Fast forward to the present and Apple has dominated the smartwatch segment. Samsung and Huawei are also doing a pretty good job with smartwatches that run on their respective operating systems. As far as Wear OS is concerned, there are a few OEMs that do make smartwatches that run on it. Fossil is one of the most prominent names but even its latest attempt – the Fossil Gen 5 – was let down by Qualcomm’s outdated chip for wearables and Google’s not-so-robust Wear OS.
The Fitbit potential
Google’s acquisition of HTC’s R&D team is what helped Google push its hardware portfolio including the Pixel phones, tablets and laptops amongst other products. For a company that inherently focussed on software, the acquisition of HTC’s team was key in offering better products as they could have more control on the process and offer an end product that was closer to what they drew on the whiteboard.
Unfortunately, the way Google showed an “ideal” Android smartphone and experience with its then Nexus and now Pixel brand of devices, it didn’t do the same for smartwatches. Rumours of Google launching its hardware have been floating around for quite a while now. But as we all know, Google hasn’t come through with a first-party watch.
But with the acquisition of Fitbit, it’s likely that it won’t be too long before we see a smartwatch from Google. After all, Fitbit is one of the most popular and prominent wearables manufacturers in the world. With its devices, that range from fitness trackers like the Inspire HR and the Charge 3 to smartwatches like the Fitbit Versa 2, Fitbit has a truckload of experience with hardware. Not only hardware, Fitbit also offers one of the most comprehensive fitness tracking experiences out there, thanks to its companion application.
Not only do Fitbit products offer an intricately detailed insight into health-related information, they even bundle training plans and an in-app social network to further enhance the experience. Now, with a base like this, imagine the experiences Google could build on top of it with its expertise in Android.
A recent survey floated out by Google also points towards Google’s efforts of ramping up health-oriented features on Wear OS with features like SPO2 tracking, sleep apnea detecting, sleep analysis, and automatic workout detection.

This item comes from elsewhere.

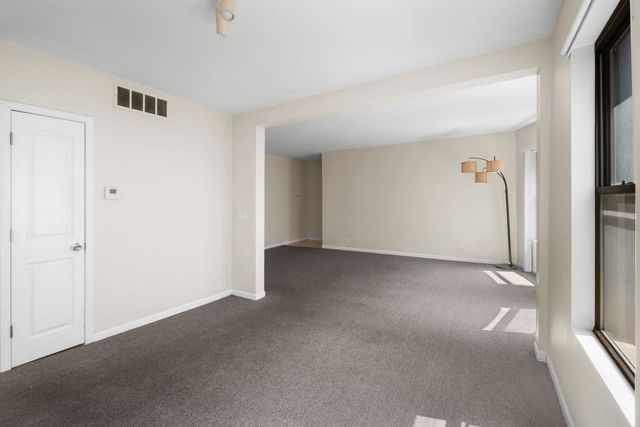 4523.5 S Drexel Boulevard 2W, Chicago, IL 60653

Apple’s recent models of the Apple Watch have made large waves in the market, particularly because of their emphasis on health and wellness related features like ECG and fall detection amongst others. Now, with Fitbit on its side, Google too can whip up a wonderful recipe that marries finessed hardware with tactful software to offer a Wear OS smartwatch that we’ve been asking for, for a while now.
Not only that, another meaningful Wear OS revamp might even put something on the table for existing Wear OS-based smartwatch manufacturers to look forward to.